Pictures aside, please retype the whole listing word for word.

Source material START

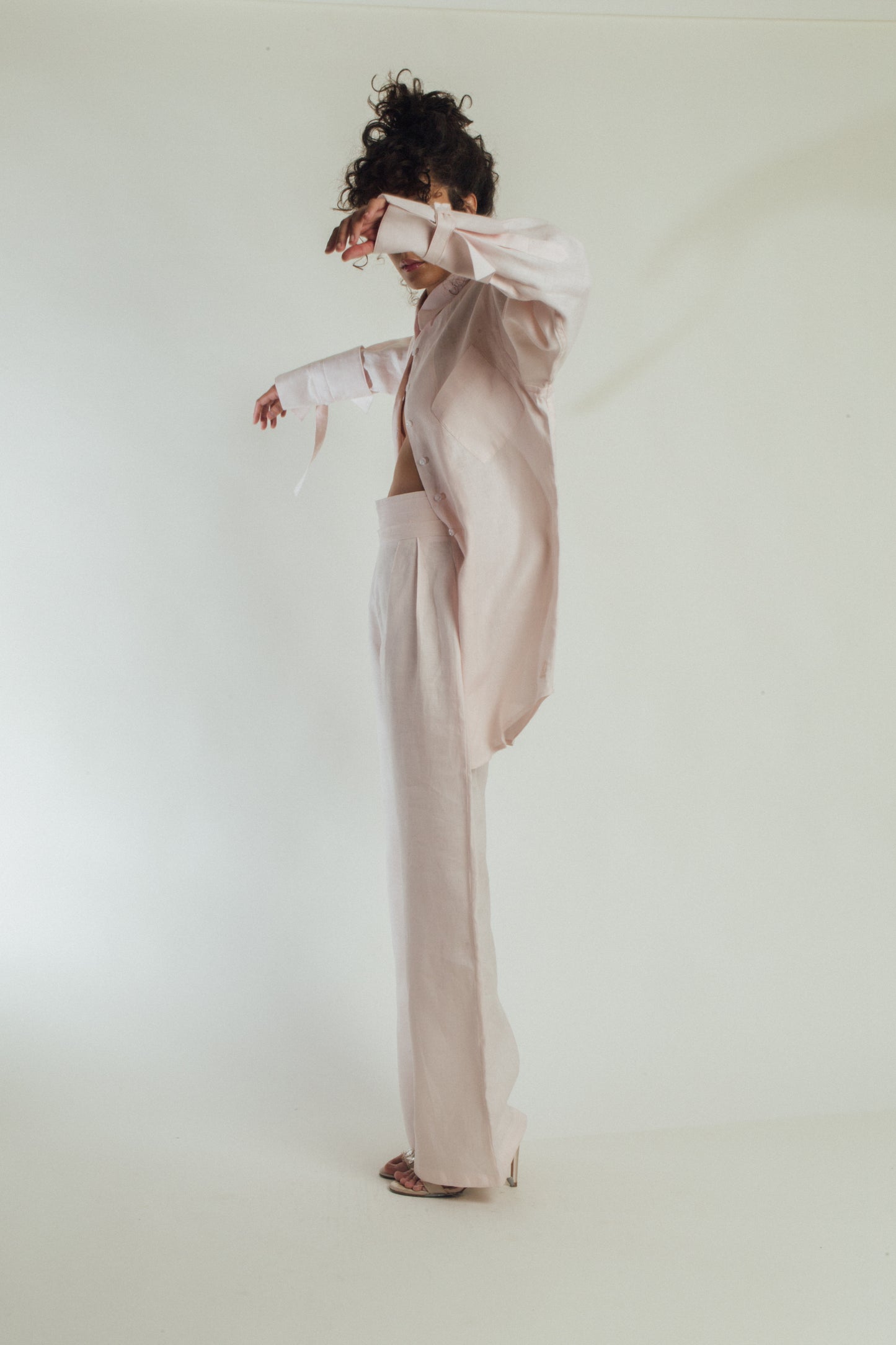Le Paradis Draped Trousers
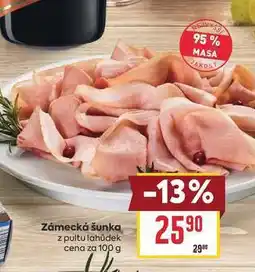 Billa Zámecká šunka z pultu lahůdek cena za nabídka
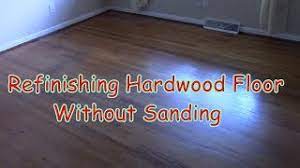 refinishing hardwood floors without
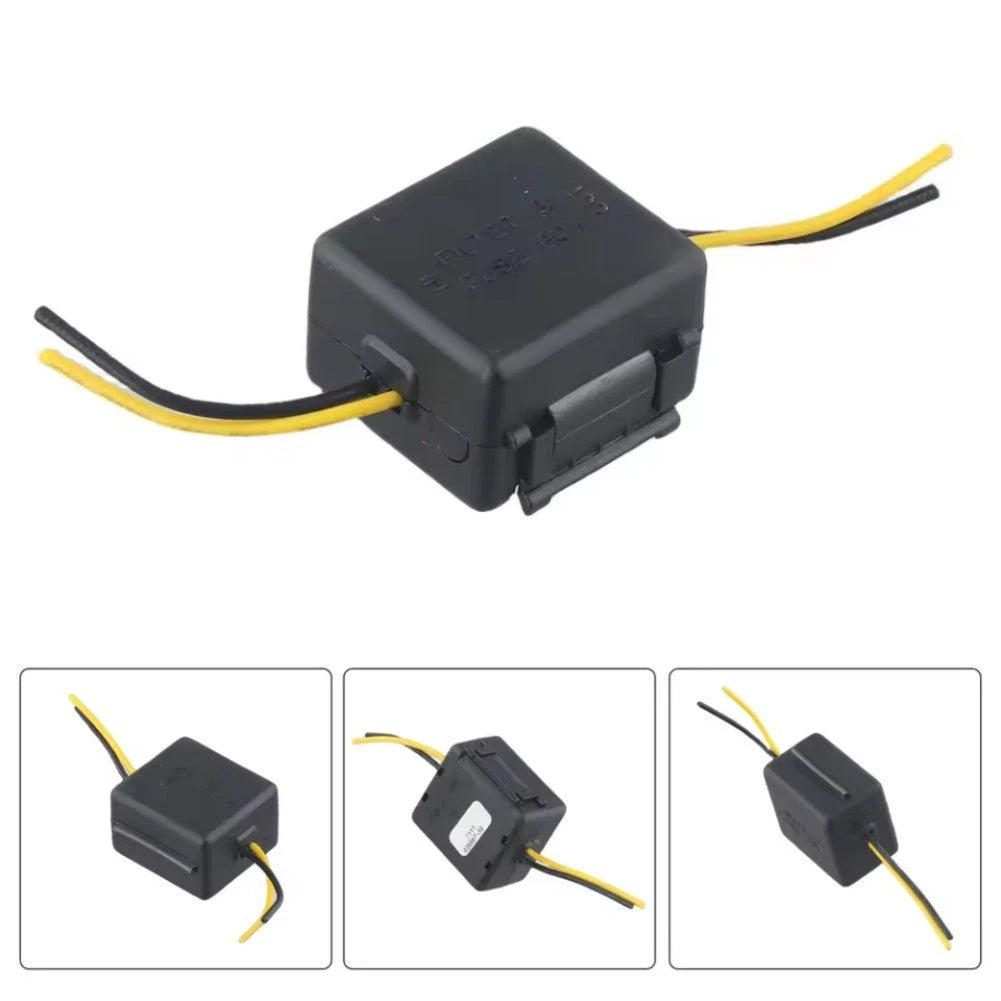 2Pcs 12V Power Filter for Car Stereos (Noise Reduction, Interference Proof)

Source material END

Exercise solution –
Le Paradis Draped Trousers
 Billa Zámecká šunka z pultu lahůdek cena za nabídka
 refinishing hardwood floors without
 2Pcs 12V Power Filter for Car Stereos (Noise Reduction, Interference Proof)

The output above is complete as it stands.